What I’d Do Differently
If I faced another Unity-to-Godot port, I would change my approach in three significant ways.
I would start with the hardest system first, not the easiest. I began with the player movement because it felt achievable, and it was. But the ledge grab and shaders, which came later, nearly broke my timeline. Starting with the most complex system would have given me a realistic understanding of the port’s difficulty early, and I could have adjusted my expectations or sought help sooner. Instead, the hard parts hit me after I was already emotionally committed.
I would port only the core and cut the rest. I tried to bring every feature from the Unity version into Godot, including a couple of minor visual effects that nobody noticed. Those effects cost me days of shader work. If I were doing it again, I would strip the game to its essential mechanics, port those perfectly, and only add the extras if there was time and demand. The game would ship faster and lose nothing meaningful.

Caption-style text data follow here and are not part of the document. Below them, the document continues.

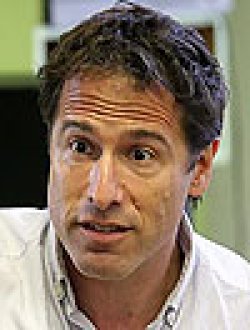 David O. Russell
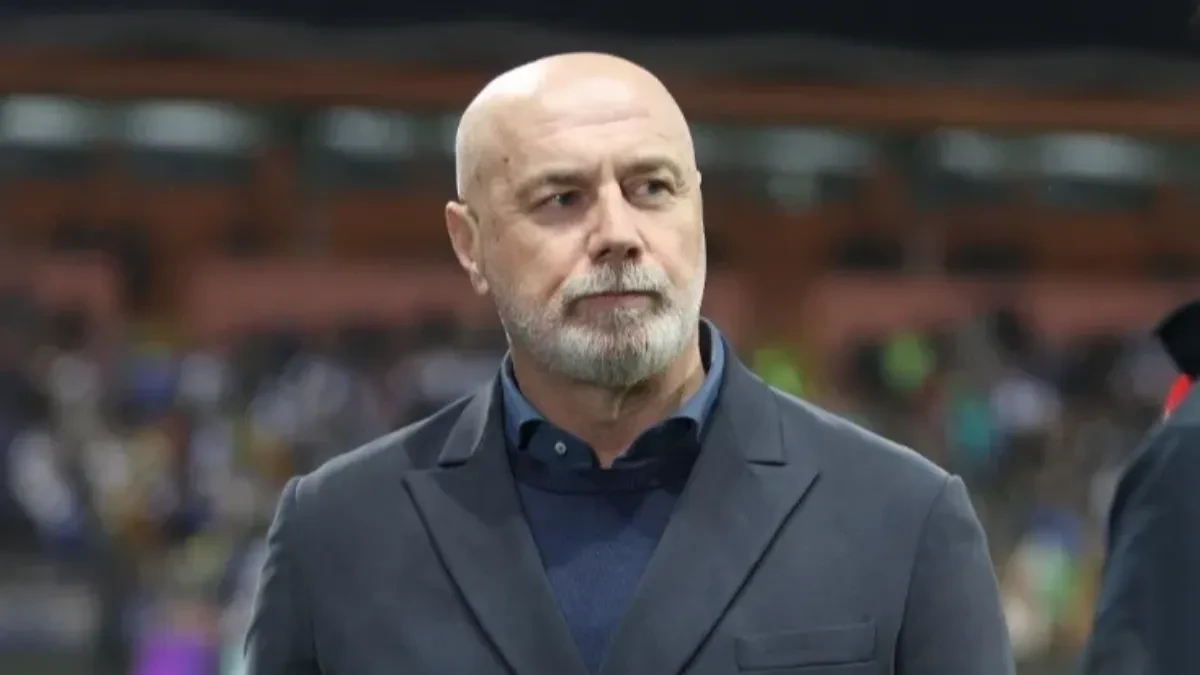 Emotivan oproštaj Barbareza od Džeke: Hvala ti
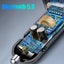Bluetooth FM Transmitter Car Fast Charger Carousel 7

I would invest time in learning GDScript’s type system earlier. For the first month, I wrote GDScript as if it were JavaScript, with no type annotations. The bugs that this introduced were subtle and frequent. Adding type hints after the fact was tedious, but once I did, the error rate dropped sharply. If I had embraced static typing from day one, I would have saved myself a dozen hours of debugging invisible typos.
Is Godot Ready for Your Game?
Godot 4 is not a toy. It is a real engine that can ship commercial games, as Latch proved to me. But it demands a different mindset from Unity. You will not find an asset store with thousands of ready-made components. You will need to build more things yourself, and you will spend time in community forums piecing together knowledge. The reward is an engine that is genuinely yours, with no fees, no tracking, and a community that wants to see you succeed.
For solo developers who value control and independence over convenience, the port is worth it. The process is long and sometimes frustrating, but the result is a game that runs on an open foundation nobody can take away from you. That feeling, of true ownership, is rare in modern game development, and it is the reason I will keep using Godot for my next project.